**Task instructions**
A word-for-word copy of the entries is the goal; leave out the pictures.

**Short text fragments from websites**
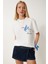 Boncuk Detaylı Baskılı Örme T-Shirt 1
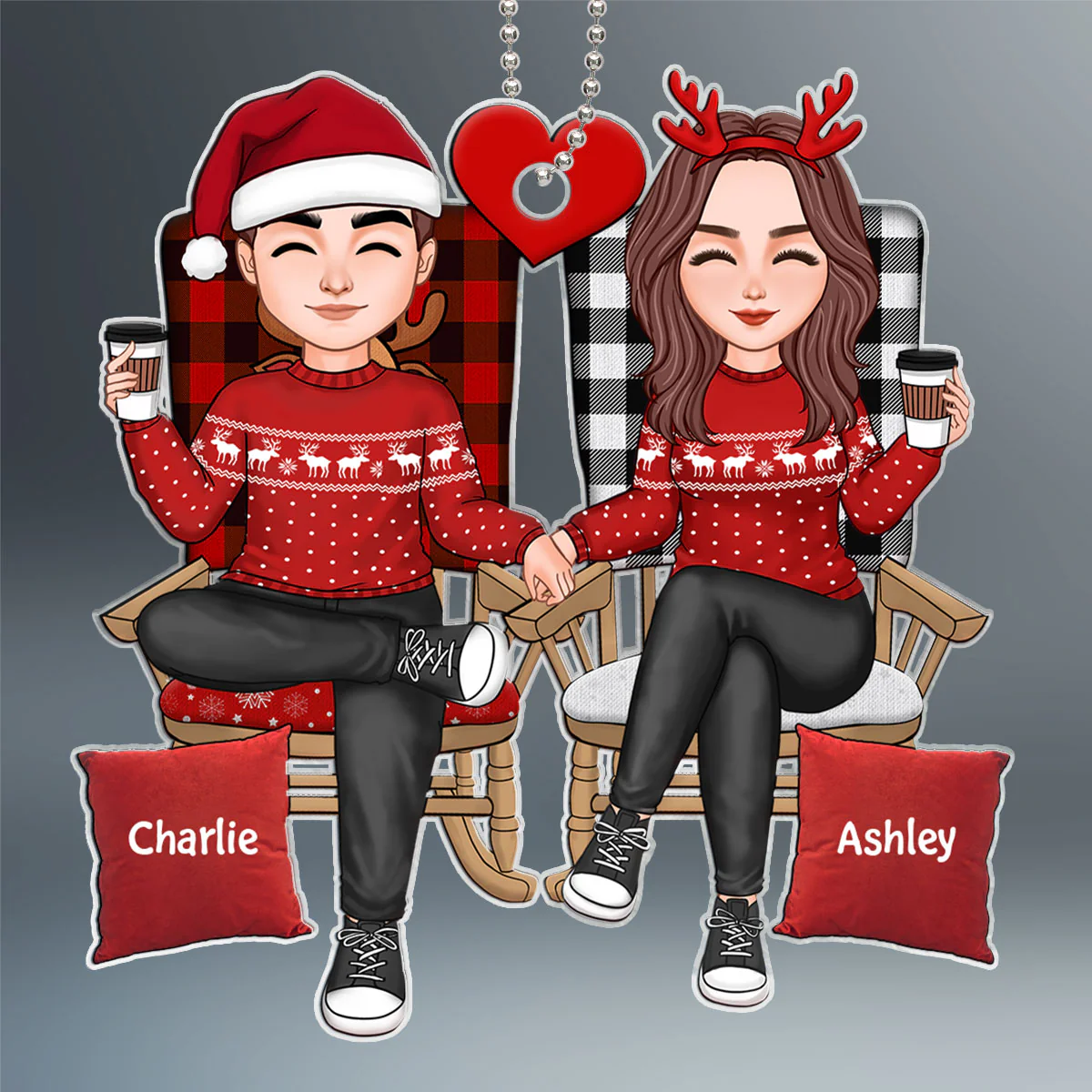 Cute Couple Sitting On Chair Personalized Acrylic Ornament - Image 2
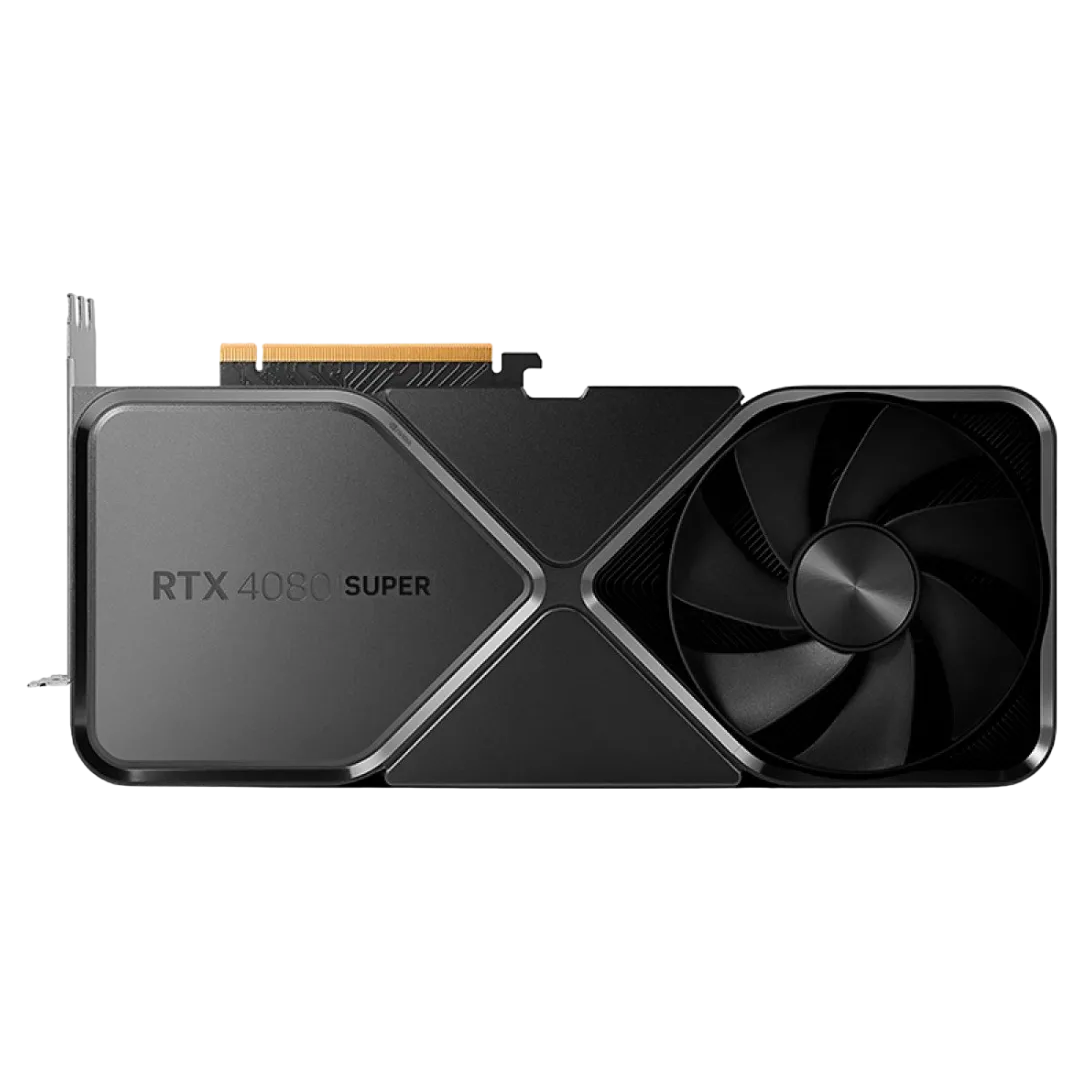 Mặt sau của card đồ họa Nvidia GeForce RTX 4080 Super Founders Edition, thể hiện thiết kế cao cấp và logo Nvidia.
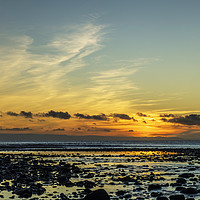 Buy canvas prints of Sunset over Llantwit Major Beach  by Nick Jenkins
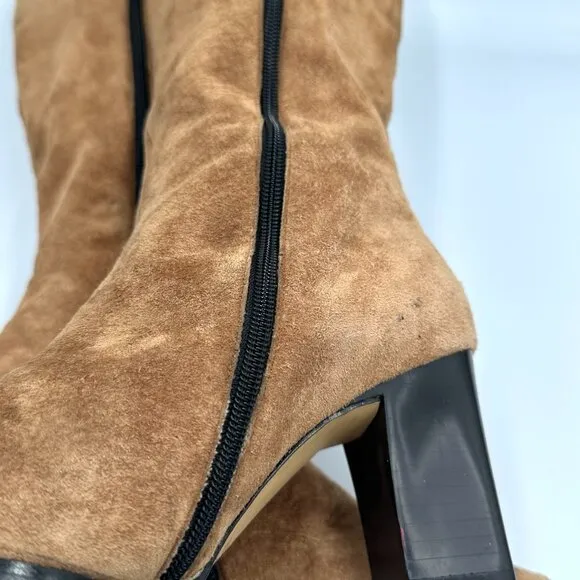 Newport News Vtg Suede Leather Knee High Camel Tan Heel Boots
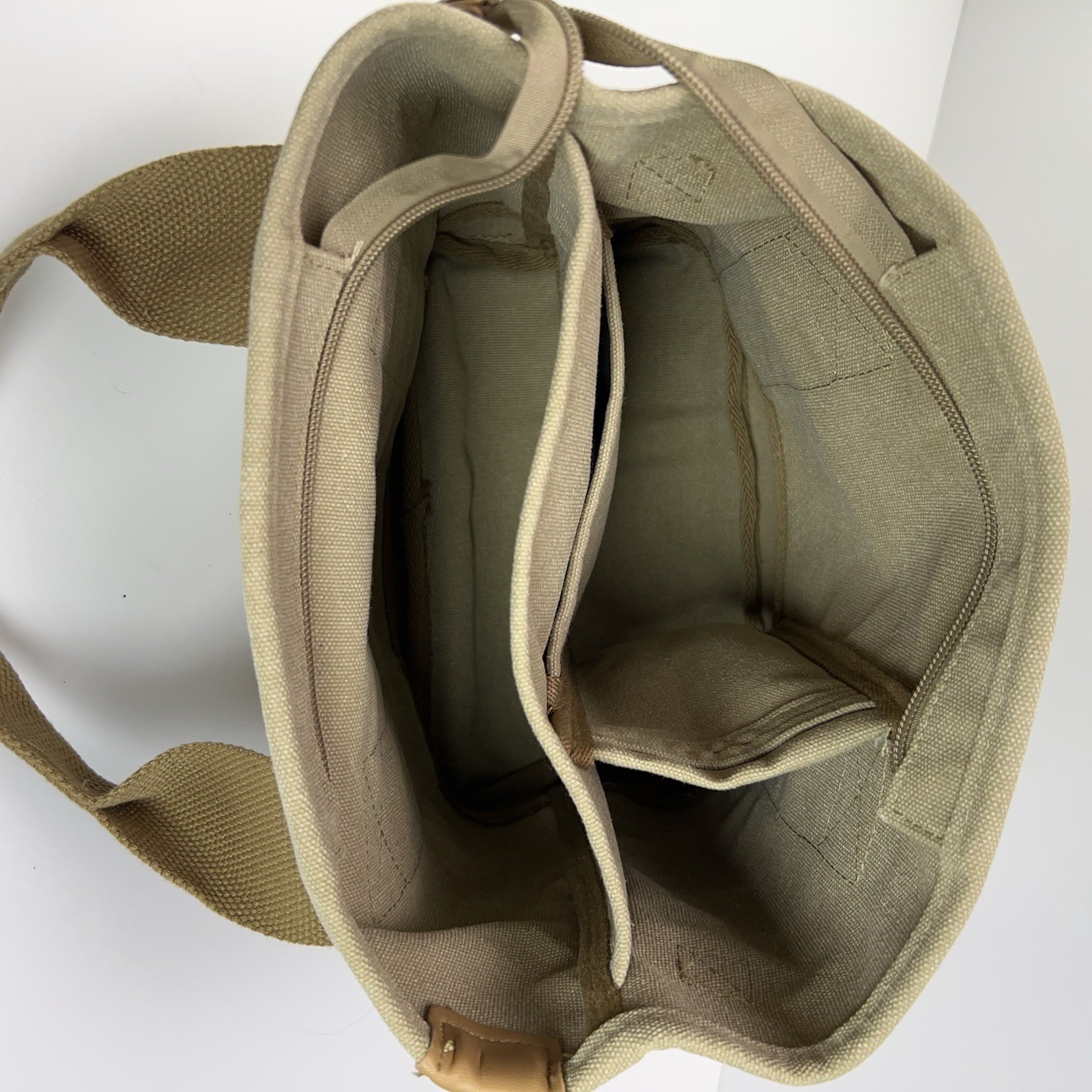 CANVAS Crossbody Tote Bag Small Top Handle Zip Close Organizer Travel Khaki Tan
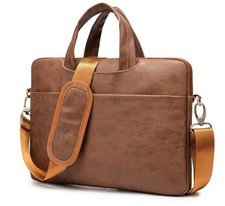Coffee Pu 360° Protective Water-Resistant Canvas Laptop shoulder Messenger Sl... picture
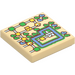 LEGO Tan Tile 2 x 2 with Super Mario Map with Castle with Groove (3068 / 103770)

**Response**
 Boncuk Detaylı Baskılı Örme T-Shirt 1
 Cute Couple Sitting On Chair Personalized Acrylic Ornament - Image 2
 Mặt sau của card đồ họa Nvidia GeForce RTX 4080 Super Founders Edition, thể hiện thiết kế cao cấp và logo Nvidia.
 Buy canvas prints of Sunset over Llantwit Major Beach  by Nick Jenkins
 Newport News Vtg Suede Leather Knee High Camel Tan Heel Boots
 CANVAS Crossbody Tote Bag Small Top Handle Zip Close Organizer Travel Khaki Tan
Coffee Pu 360° Protective Water-Resistant Canvas Laptop shoulder Messenger Sl... picture
 LEGO Tan Tile 2 x 2 with Super Mario Map with Castle with Groove (3068 / 103770)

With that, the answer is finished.